Embedded computer hardware is small, inexpensive, powerful and energy-efficient. Some chips are being designed specifically to work with neural networks. Attaching a sensor module brings image processing closer to the sensor; this is known as ‘edge processing’, as opposed to processing in the cloud or sending the feed from the camera to a separate computer.

Embedded computing opens the door to many more uses of vision technology. Even in factories where machine vision is already established and successful, there are areas where embedded vision can play a role.

The downside to developing products on embedded boards is that integration complexity and cost is higher in a relatively new market. The Khronos Group, together with the European Machine Vision Association, are working on an open API standard for controlling embedded cameras across mobile, industrial, XR, automotive and scientific markets. This new standard aims to help companies building embedded vision devices.

Among the camera vendors offering embedded vision products, Framos’ sensor module ecosystem now supports Maxim’s Gigabit Multimedia Serial Link, GMSL2, protocol. Cameras up to 8-megapixel resolution at 30fps can be connected over 15m of cable.

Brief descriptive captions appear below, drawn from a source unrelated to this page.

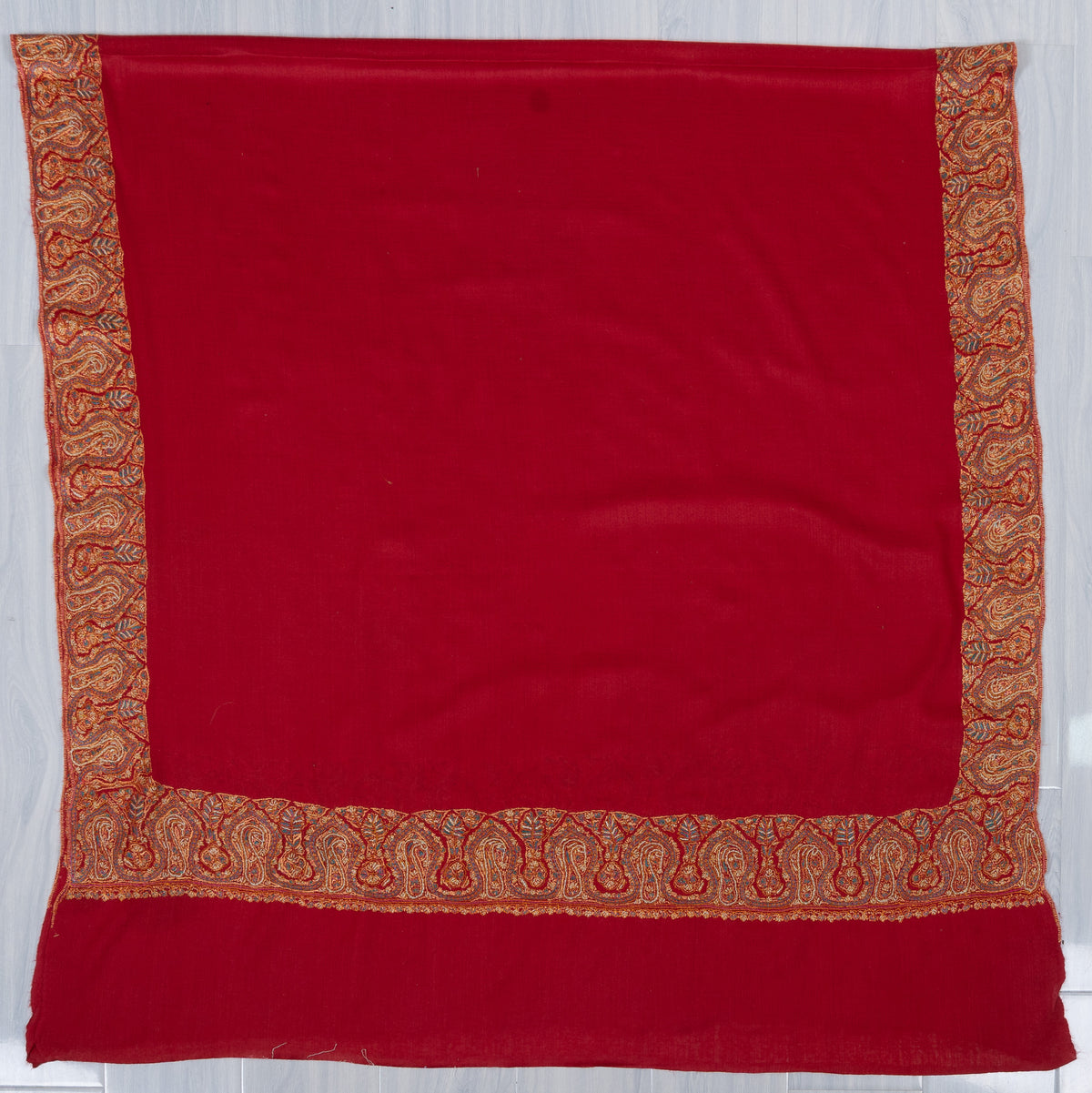 Scarlet merino wool shawl laid flat, showing a plain field framed by broad golden Sozni paisley borders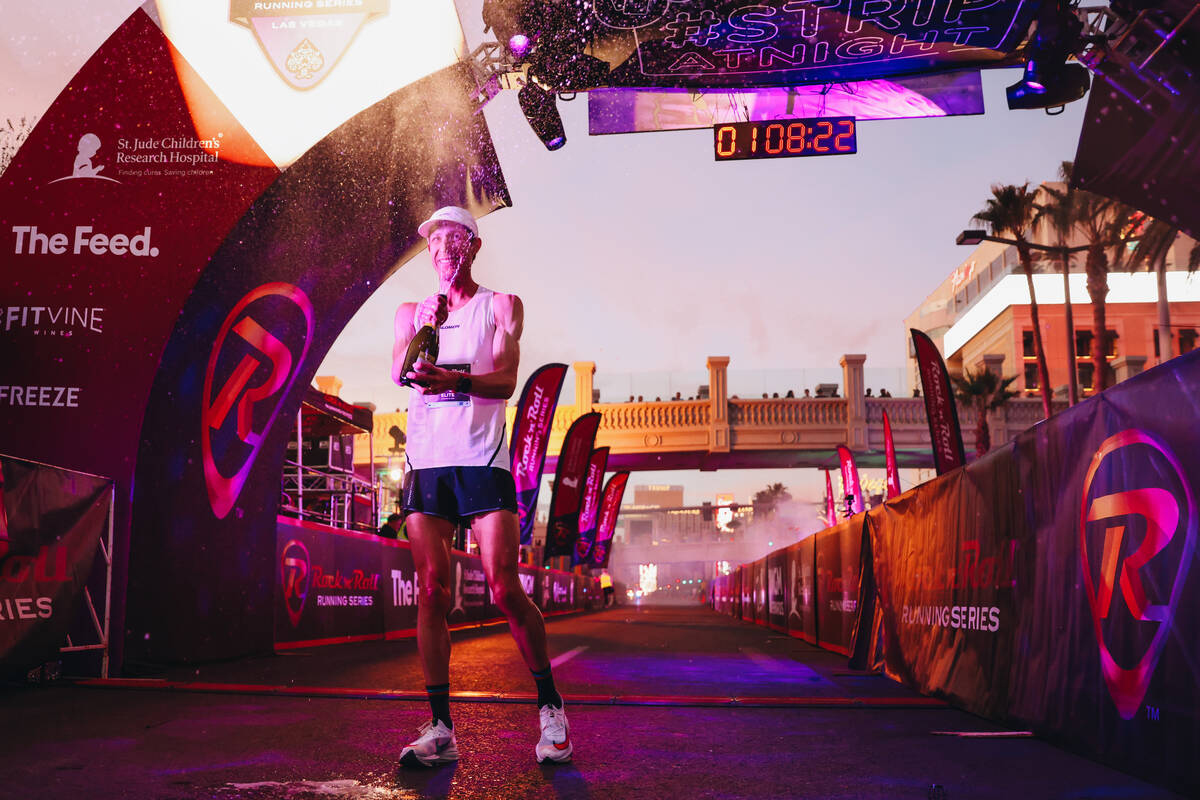 Andy Wacker sprays champagne after coming in first for the men’s half marathon during th ...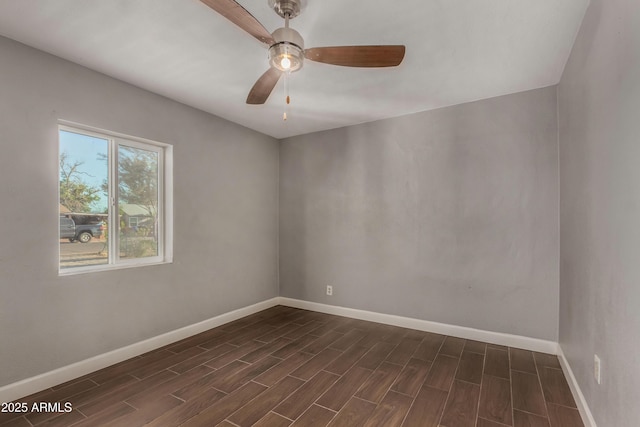 3402 W Tonto St W, Phoenix, AZ 85009 - empty room featuring dark wood-style floors and ceiling fan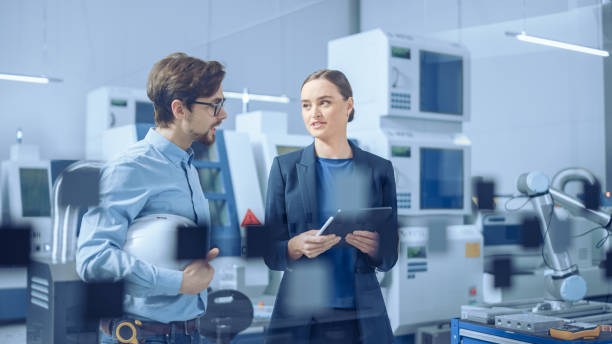 istock Modern Factory: Female Project Manager and Male Engineer Standing, Talking, Using Digital Tablet for Programming and Monitoring Assembly Line. Industry 4.0 Facility with High Tech Machinery 1282300401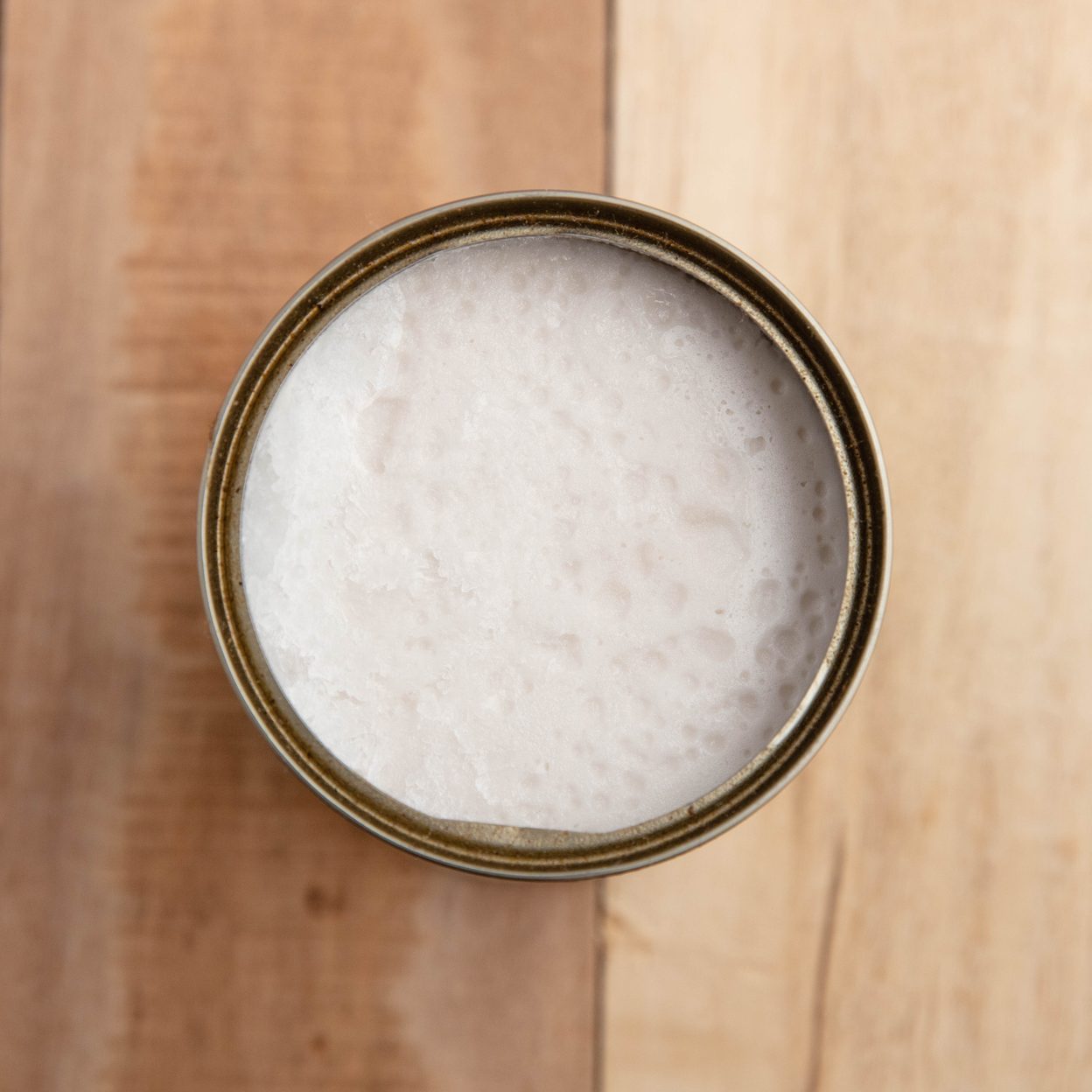 opened canned Coconut milk overhead on wooden table
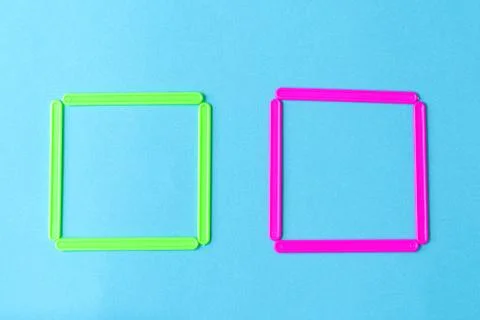 Two squares of counting plastic sticks designed for teaching counting to young Stock Photos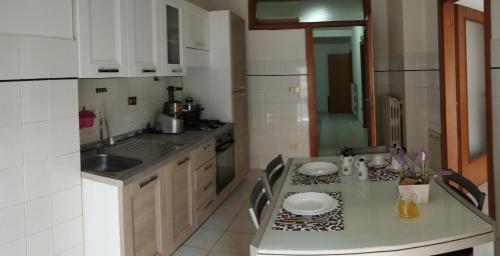 una cocina con una mesa con platos. en IN CENTRO APARTMENT, en Melfi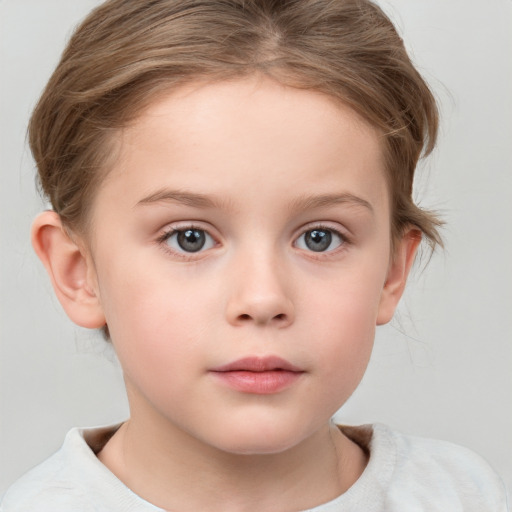 Neutral white child female with medium  brown hair and blue eyes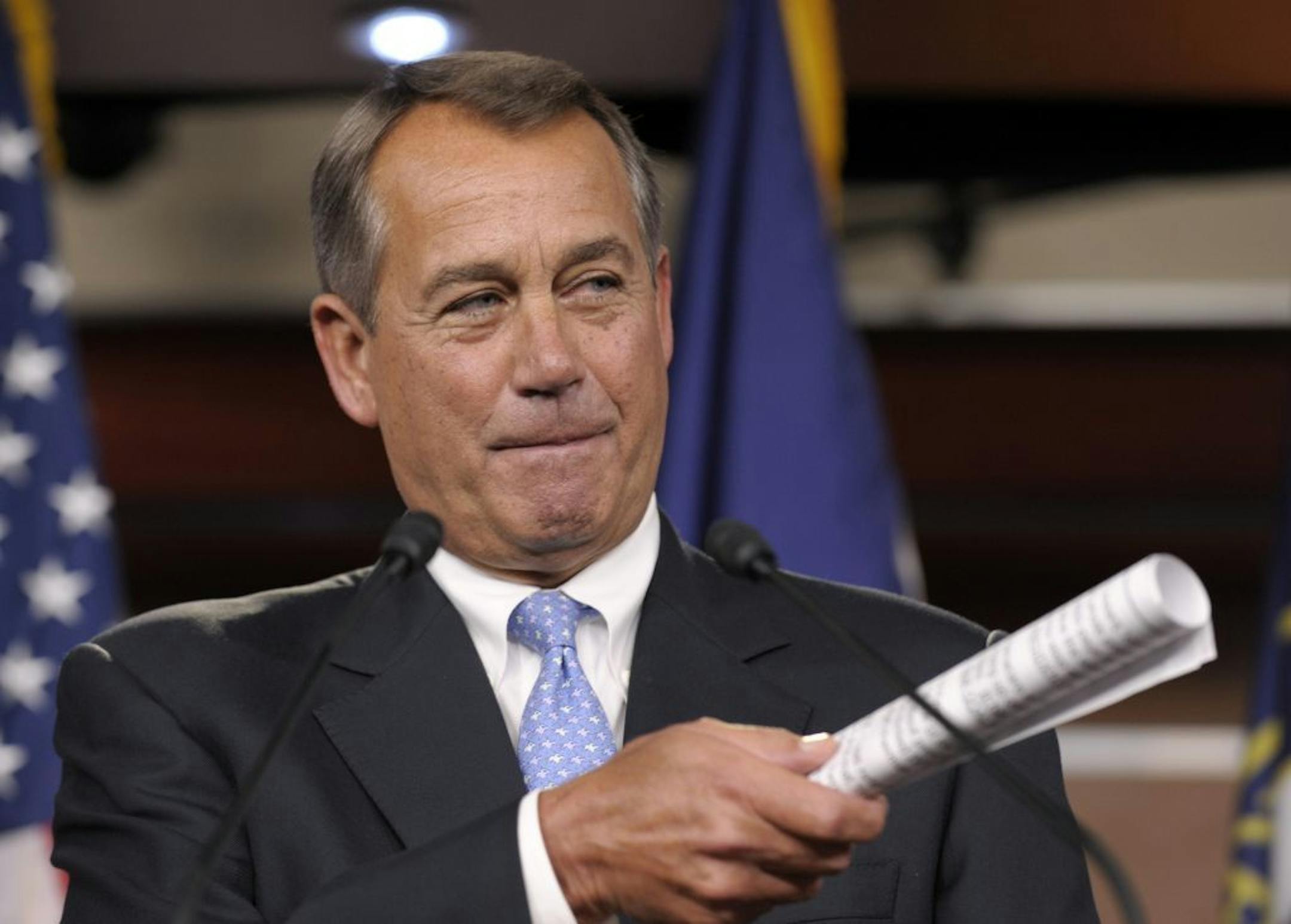 House Speaker John Boehner of Ohio gestures as he speaks to reporters during a news conference on Capitol Hill in Washington, Friday, Nov. 9, 2012. Boehner said any deal to avert the so-called fiscal cliff should include lower tax rates, eliminating special interest loopholes and revising the tax code.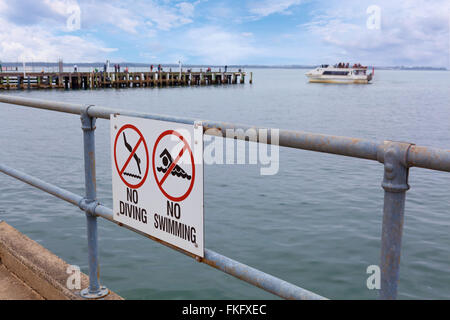 No Diving and No Swimming signs on pier railing with ocean water in the background Stock Photo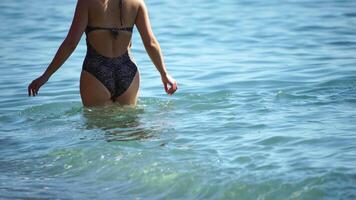 Back View at Young Happy Carefree woman in swimsuit jogs over sand in shallow waterline. Small waves splashes over legs of young woman running along seashore. Concept of summer vacation. video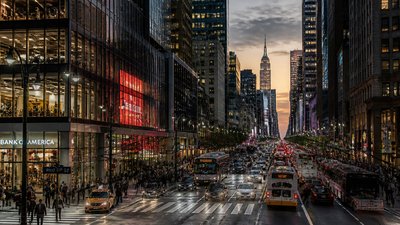 bustling city street panorama at dusk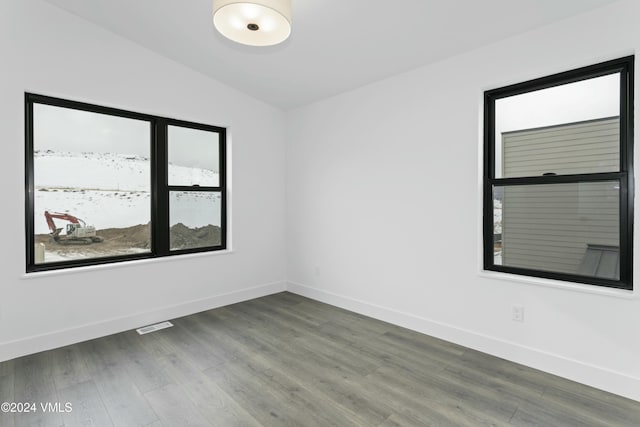 spare room with hardwood / wood-style flooring and vaulted ceiling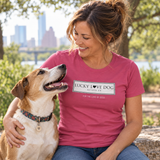 A woman sitting outdoors with a dog, wearing a pink t-shirt with a white graphic that reads 'LUCKY LOVE DOG AUSTIN TX FOR THE LOVE OF DOGS'.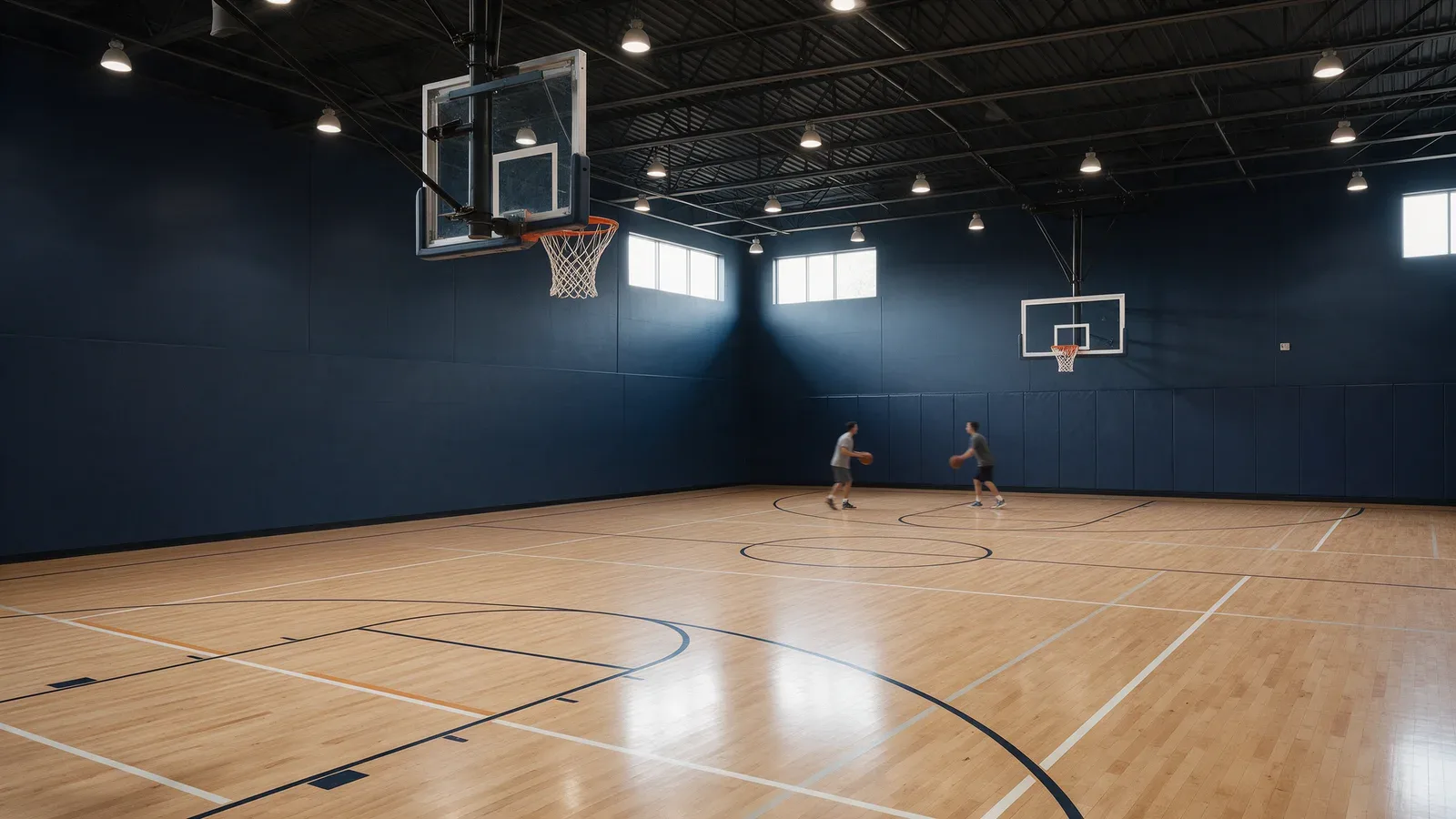 Vue depuis le bord d’un terrain de basket intérieur éclairé, avec paniers et joueurs à distance.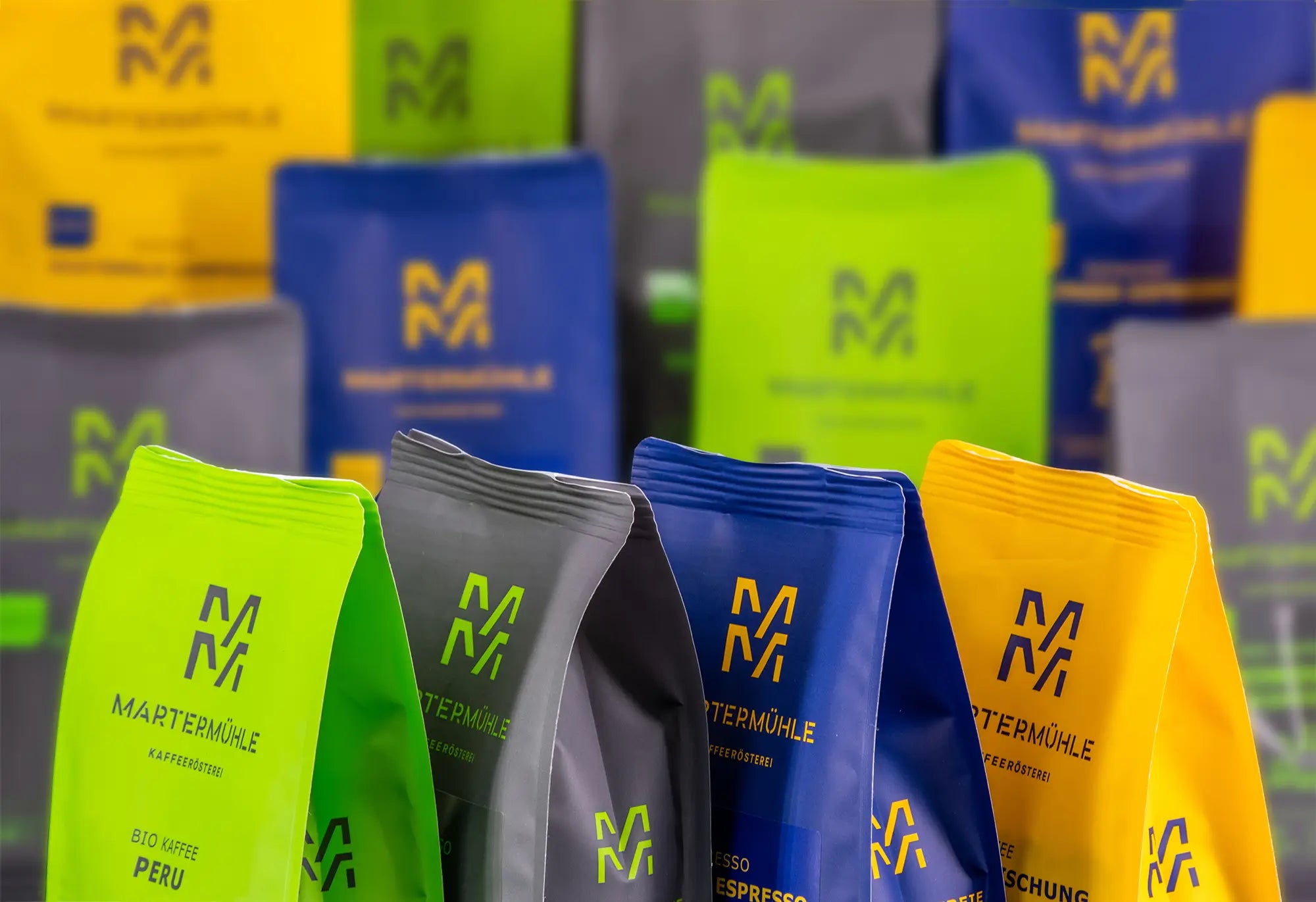 Vier Martermühle Kaffeepackungen in verschiedenen Farben mit ganz vielen bunten Packungen im Hintergrund.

GMSL2 has a data rate of 6Gb/s with low cabling costs and low power consumption. Low latency can be realised at distances of up to 15m. Framos has integrated with Connect Tech’s GMSL camera platform. The expansion board allows up to four Framos cameras to be connected to the Jetson Xavier module interfacing with the GMSL2 protocol. The cameras are powered by Power over Coax - data, control signals and power are sent through a single coaxial cable. The ability to connect any Framos image sensor to the Nvidia Jetson platform via GMSL2 over long distances enables new possibilities and applications.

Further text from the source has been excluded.